I have just finished re-reading an excellent book by Bernard Chaet, entitled ARTISTS at WORK (A WEBB ART BOOK, Copyright 1960, Cambridge, Massachusetts). The cover description says, “Technical Means and Personal Vision in Painting, Sculpture, and Graphics. Discussions with Josef Albers, Leonard Baskin, Hyman Bloom, James Brooks, Gabor Peterdi, Seymour Lipton, Conrad Marca-Belli, others.”
There is a chapter on the unusual painting materials and techniques of Edouard Vuillard (the French painter died in 1940), and tours of the Bocour and Grumbacher artists’ paint factories, which were then located in downtown Manhattan lofts.

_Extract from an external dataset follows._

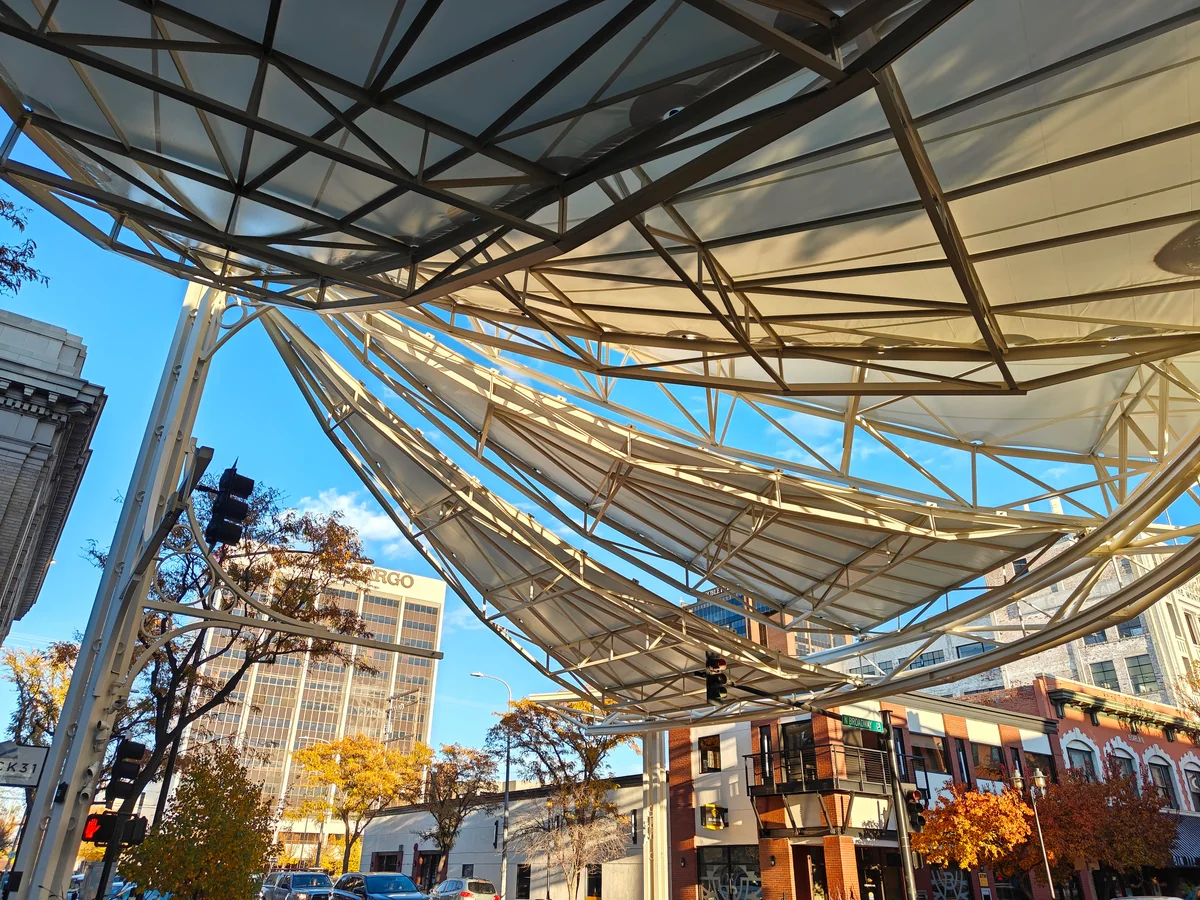 The Skypoint canopy above North Broadway and Second Avenue North in downtown Billings, with autumn trees below.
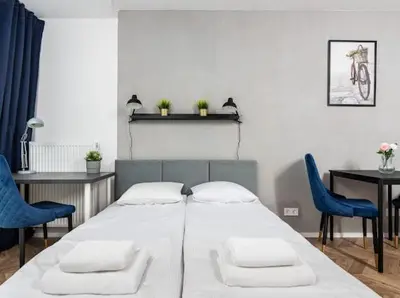 a bedroom with a bed and two blue chairs at Nowoczesny apartament nad Wisłą II in Kraków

It is quite evident that Professor Chaet enjoyed his interviews with the painters, sculptors and print-makers featured in his book. I particularly enjoyed the interview with Leonard Bocour, whose one-floor loft in NYC produced both the high-end Bocour oil paint and the more economical Bellini brand. I have used both, and still have some on hand, even though production stopped in the 1990s.
A Boston native born in 1924, Bernard Chaet studied at the Boston Museum School with Karl Zerbe from 1942 to 1945. He received a Bachelor of Arts degree from Tufts University in Boston and was presented with an Honorary Degree of Fine Arts from the Maryland Institute College of Art in 1986.

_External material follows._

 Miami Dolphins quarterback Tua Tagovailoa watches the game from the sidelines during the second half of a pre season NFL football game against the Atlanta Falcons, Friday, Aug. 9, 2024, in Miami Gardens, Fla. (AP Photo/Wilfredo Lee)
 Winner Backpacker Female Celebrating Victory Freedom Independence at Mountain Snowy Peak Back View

From 1951 until his retirement in 1990, Bernard Chaet taught drawing at Yale University Art School, where he won a Distinguished Teaching Award, later becoming Professor Emeritus.

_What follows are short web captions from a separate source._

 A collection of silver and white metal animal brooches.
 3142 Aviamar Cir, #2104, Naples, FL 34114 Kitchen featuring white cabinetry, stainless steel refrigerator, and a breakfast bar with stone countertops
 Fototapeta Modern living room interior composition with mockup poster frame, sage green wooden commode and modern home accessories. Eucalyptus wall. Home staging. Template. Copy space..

Bernard Chaet lives and paints in New Haven, Connecticut. He is represented by LewAllen Contemporary in Santa Fe, New Mexico, and by Alpha Gallery in Boston, among other venues. Chaet’s work is in the permanent collections of the Art Institute of Chicago, the Fogg Art Museum at Harvard, the Brooklyn Museum, the Boston Museum of Fine Arts, the Metropolitan Museum, the Smithsonian American Art Museum and the Yale University Art Gallery. Corporation collections such as AT&T, Chemical Bank, IBM and New England Life include the work of prolific artist Bernard Chaet.